The inaugural Women in Design Award attracted more than 60 nominations, with an international jury panel of esteemed experts awarding the accolade to Sharon Gauci from General Motors. Ms Gauci was appointed to Executive Director, Industrial Design at General Motors in January 2018 and is responsible for leading a creative team of over 180 people in many of GM’s studios across the globe including North America, Australia, Korea, Brazil and China. The Women in Design Award was established this year in response to the significant gender imbalance within leadership roles in the design and creative industry, and to recognise and celebrate women who have made significant contributions to the industry.

Celebrating its tenth year in recognising the highest level of sustainable design practice, the Good Design Award for Sustainability went to RangerBot, designed by QUT and Designworks and commissioned by the Great Barrier Reef Foundation. RangerBot is the world’s first vision-based underwater robotic system designed specifically for coral reef environments. It empowers reef managers, researchers and community groups with intuitive, customisable and affordable robotic tools to upscale underwater monitoring of the Great Barrier Reef, control marine pests like Crown-of-Thorns Starfish and monitor and map reef health indicators like coral bleaching and water quality.

The Next Gen category was awarded to Gekko Trax AnyTerrain, invented by wheelchair user Huy Nguyen, 34, and his business partner Ryan Tilley, 22, who spent two years developing the lightweight, packable wheelchair tracks. The over-tyre fits around the standard on-road 24″ wheels of a wheelchair and adapts them to navigate sand, soft grass, snow and other soft, off-road terrains.

In the three Architectural Design categories, Best Commercial and Residential Design went to Mirvac for Harold Park in Glebe, Sydney, a project which incorporates seven innovative new residential buildings, anchored by adaptive reuse of the heritage tram depot and integrated with 3.8 hectares of new public parkland. Best Interior Design went to HCD IMPRESS for Shenzhen iCarbonX Lecture Hall in China and Best Urban Design to Turf Design Studio for Central Park Public Domain, in Chippendale, Sydney, which sits at the heart of the former Carton and United Brewery, surrounded by a built fabric of some of the city’s oldest workers’ cottages, terraces and warehouses.

In the Product Design category, Best Furniture and Lighting went to Sway by Nick Rennie and Made by Pen, a floor lamp which is not tethered to any power cable or outlet and is completely free to move about. Best Domestic Appliance was awarded to Electrolux Kitchen Range and Best Consumer Electronics to Owlet Smart Sock 2 Baby Monitor, a miniature pulse oximeter that wraps around a sleeping baby’s foot and wirelessly monitors a baby’s heart rate and oxygen levels. Best Automotive and Transport went to Hyundai’s Kona Electric, Australia’s first 100 per cent electric small SUV.

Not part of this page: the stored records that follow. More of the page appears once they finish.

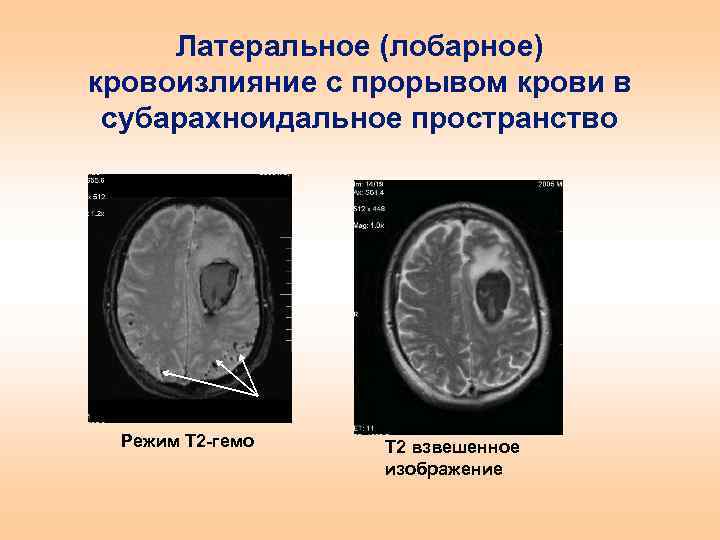 Расширение субарахноидального. Лобарное медиальное Латеральное кровоизлияние\. Диапедезное кровоизлияние в субарахноидальном пространстве. Острое Латеральное кровоизлияние в боковые желудочки.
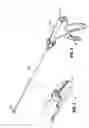 Fig. 03 - Endoscopic surgical clip applier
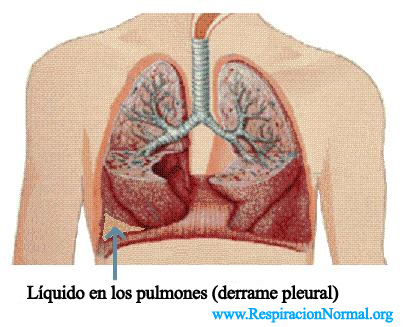 liquido en los pulmones
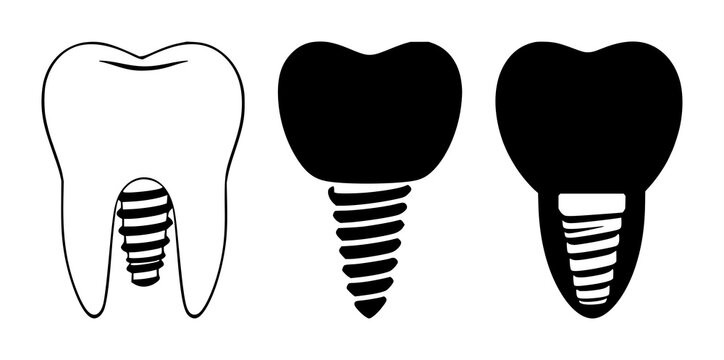 Dental implant tooth icon set with solid black icon on white background featuring dental, implant, tooth with iconography and white backdrop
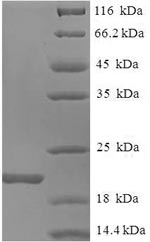 SDS-PAGE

Communication Design winner was Sans Forgetica, a new free typeface that helps improve our memory. Commissioned by RMIT University and designed using principles of psychology to improve retention of written information, it is believed to be the world’s first typeface created using psychological and design theories in order to help memory retention, breaking enough conventions and engaging the reader into remembering the textual content.

Other notable accolades include the Fashion Impact award won by G-Star Raw’s Most Sustainable Jeans and the Indigenous Designer Award won by Aboriginal and Torres Strait Islander Career Pathways Service. The Good Design Team of the Year was awarded to the Caroma Design Team led by Dr Steve Cummings and the Australian Design Prize was awarded to Professor Mark Armstrong who helped design the Sydney 2000 Olympic Games Torch.

Of this year’s 378 Good Design Award recipients, 255 were designed in Australia and 123 from overseas. The awards attracted innovative entries from all corners of Australia and the world, including Brazil, Canada, China, Denmark, France, Germany, Hong Kong, Italy, Japan, Korea, Malaysia, the Netherlands, New Zealand, Norway, the Philippines, Singapore, South Africa, Sweden, Switzerland, Taiwan, Thailand and the USA.